Simple as these steps are, they require input from awareness; the whole process can’t be triggered simply by the brain. Step 1, becoming genuinely interested, requires inspiration. To be interested in compassion isn’t an ordinary occurrence in a society driven by self-gratification, even among mature, psychologically developed people. But if you read the lore of compassion that infuses Buddhism and Christianity, inspiration arises naturally. The same can happen when you are moved by compassionate acts performed in brave rescues, or by relief missions to places where people are suffering.
Step 2, pursuing your interest spontaneously, requires turning inward, because the inner landscape is the country of compassion. Once you find the place of empathy inside you, it wants to express itself. Empathy may bring discomfort (the very word compassion means “to suffer with”), so you have to overcome your natural urge to turn away from someone else’s distress. Yet in some people compassion triggers a unique kind of joy that they want to follow.
Step 3, practicing until you see improvement, requires discipline, because you must constantly renew your dedication in the face of old conditioning that tempts you to turn away from compassion in pursuit of the ego’s constant demands. Pleasure is innately selfish; therefore, no one finds compassion without a struggle.

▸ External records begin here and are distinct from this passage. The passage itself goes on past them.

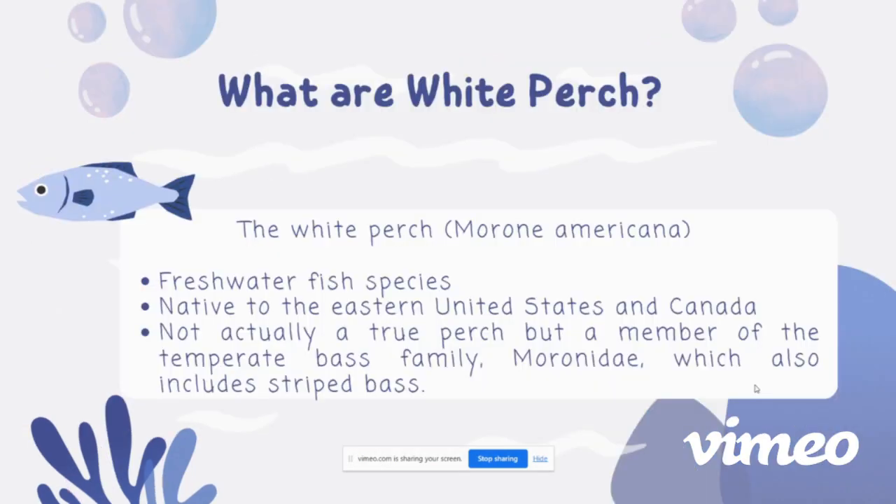We're going to start off with white perch. What is a white perch? Morone americana is a freshwater fish species native to the eastern United States and Canada. They are actually not a true perch, but rather a member of the temperate bass family, which also includes striped bass.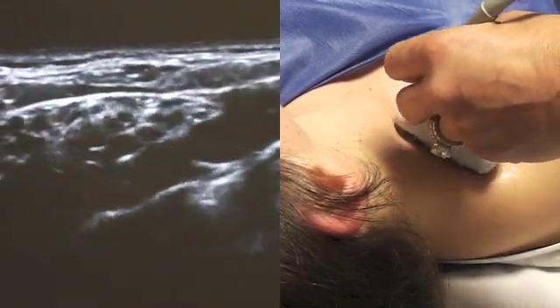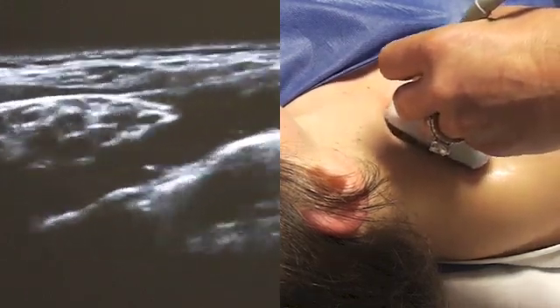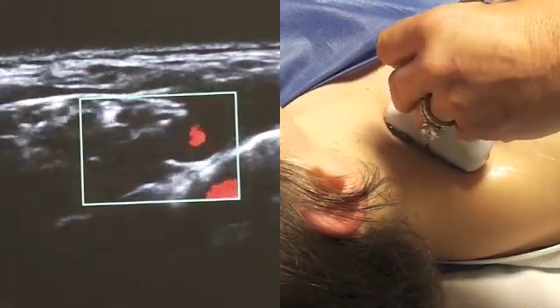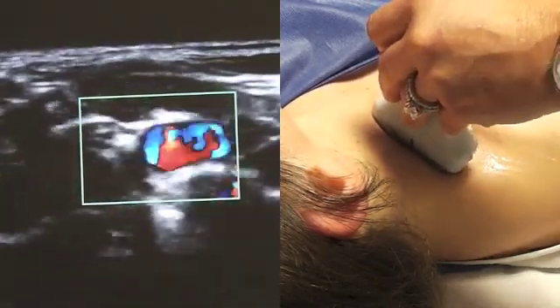This model has a beautiful supraclavicular plexus view on ultrasound. In the middle of the screen, you can see the subclavian artery pulsating. We can confirm with color Doppler. Very often, if you don't have the probe in the right position, it appears as if you have two arteries and you get some artifact.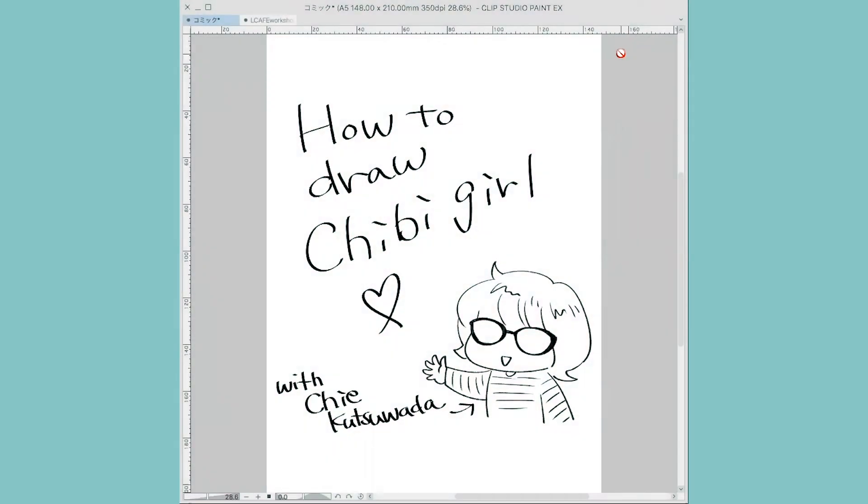Hi, my name is Chiyuk Tswada. I'm from Japan and at the moment I live and work as a professional artist in Brighton. Today I'm going to tell you how to draw chibi girl.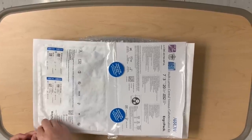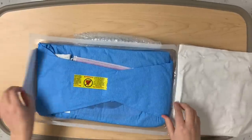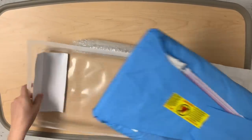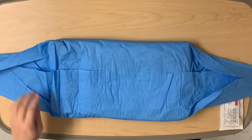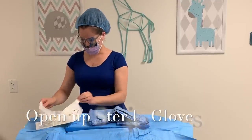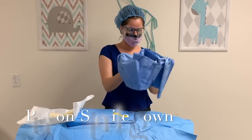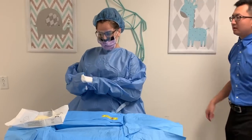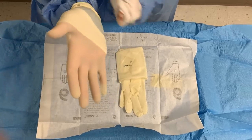You see how there's a little tip on this side? It makes it easy. So you open it up, just like this. Then what we do is we take this out.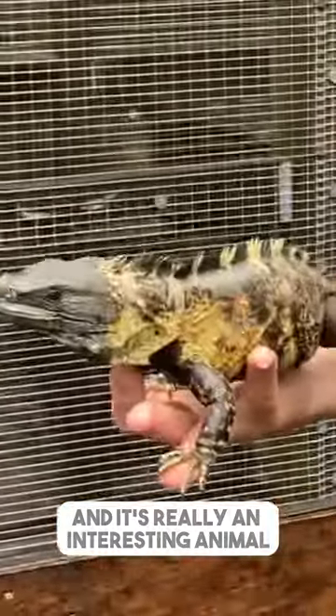They live on the ground. They hide in the rocks. They eat anything you give them. They really like chasing live animals — worms and crickets and stuff like that. A lot of fun to see them go after the food. It's really an interesting animal.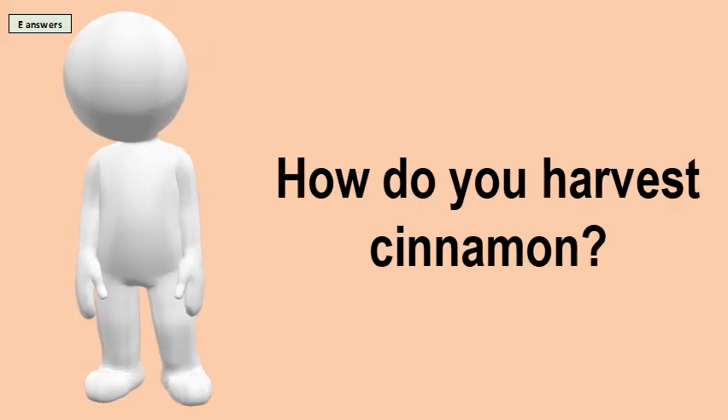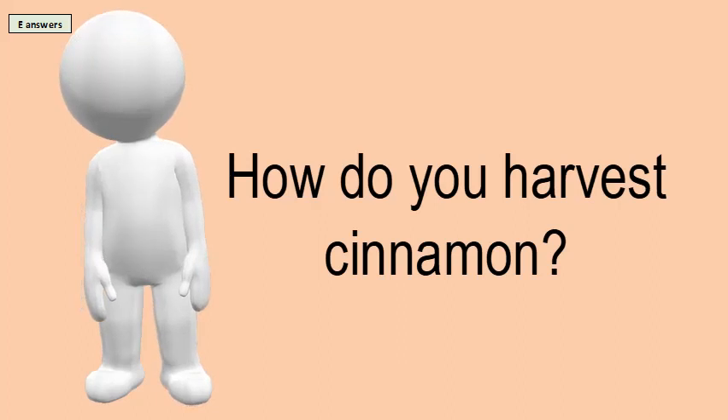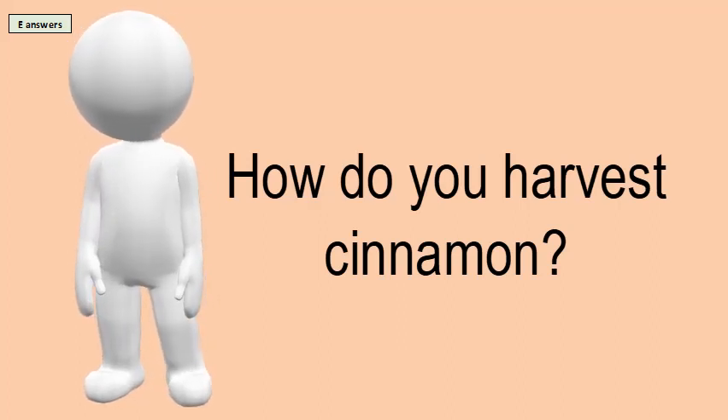How do you harvest cinnamon? On cinnamon plantations, they allow the young tree to grow for 3 to 6 years until it is 2 to 3 meters tall — 6 to 10 feet — and then cut it back a few inches above the ground.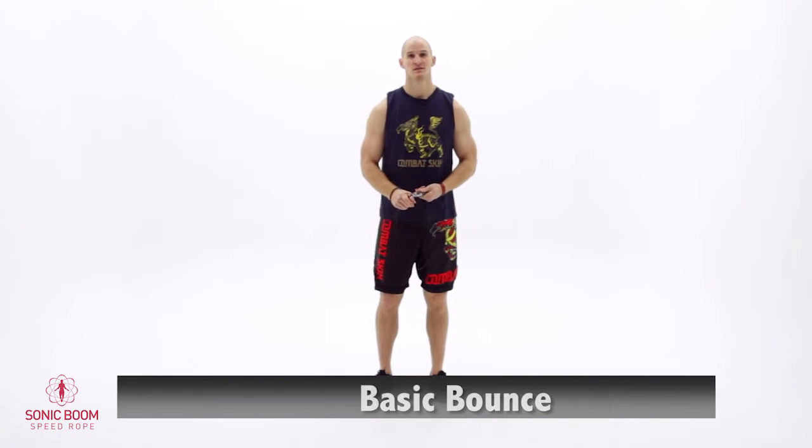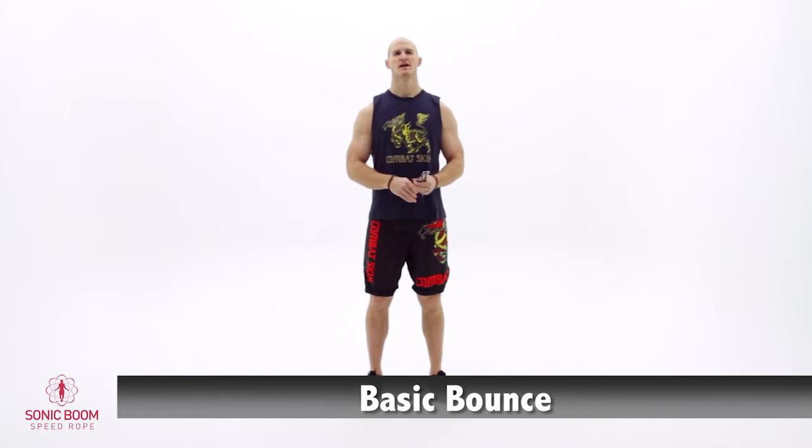The basic bounce. This is going to be the foundation move for everything else that you're going to do with the jump rope. When performing the basic bounce, there are a couple of important checkpoints to meet. Checkpoint number one: be light on your toes.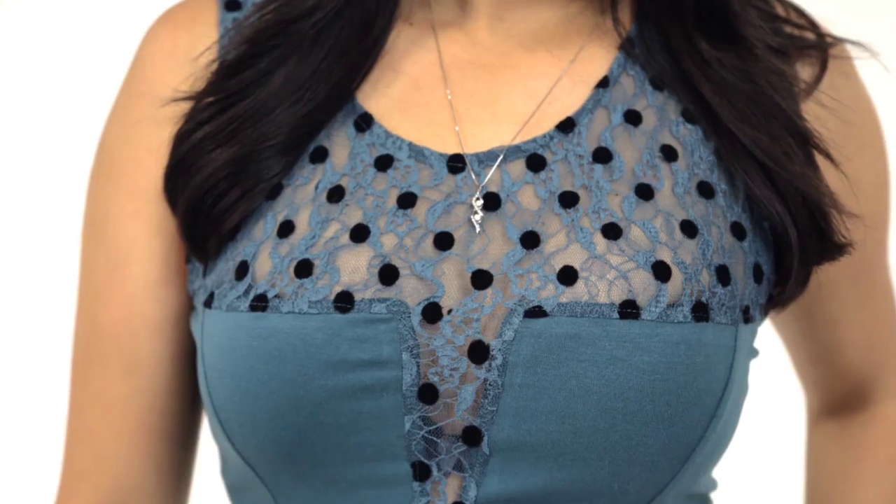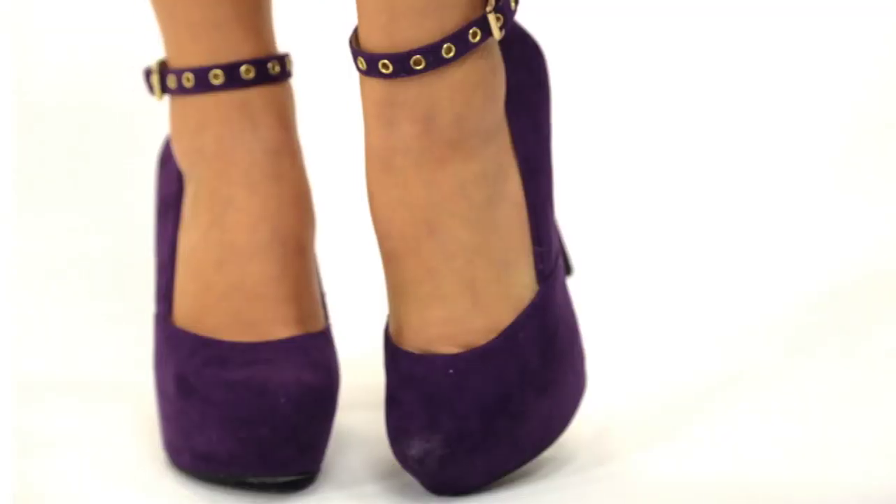This dress is from Free People and I really like the polka dot lace design that they have on the neckline. I paired it with these suede purple platform pumps to give it a killer edge. My mixed metal earrings are from JustFab, so I went eclectic with the rest of my jewelry.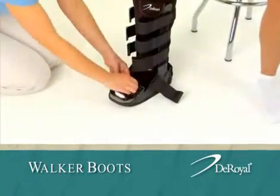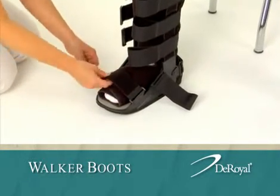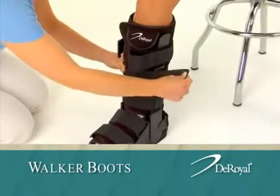Beginning at the bottom, pull straps through the D-rings and secure with Velcro. Work your way up the leg, securing each strap.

Step 4, sticking with your practice until the new skill is mastered, requires patience, because there are many inner forces—and outer ones, too—that oppose compassion. Higher awareness doesn’t force change; it melts away old patterns so that new ones can replace them, which takes time. (Ask aid workers who have flown to a disaster in the developing world. Their idealism vanishes at the first shocking sight of real devastation. They pass through stages of despair, frustration, and numbness. Yet beneath the surface a new strength develops, one that not only adjusts to the outer spectacle of suffering, but blossoms into a much stronger empathy.)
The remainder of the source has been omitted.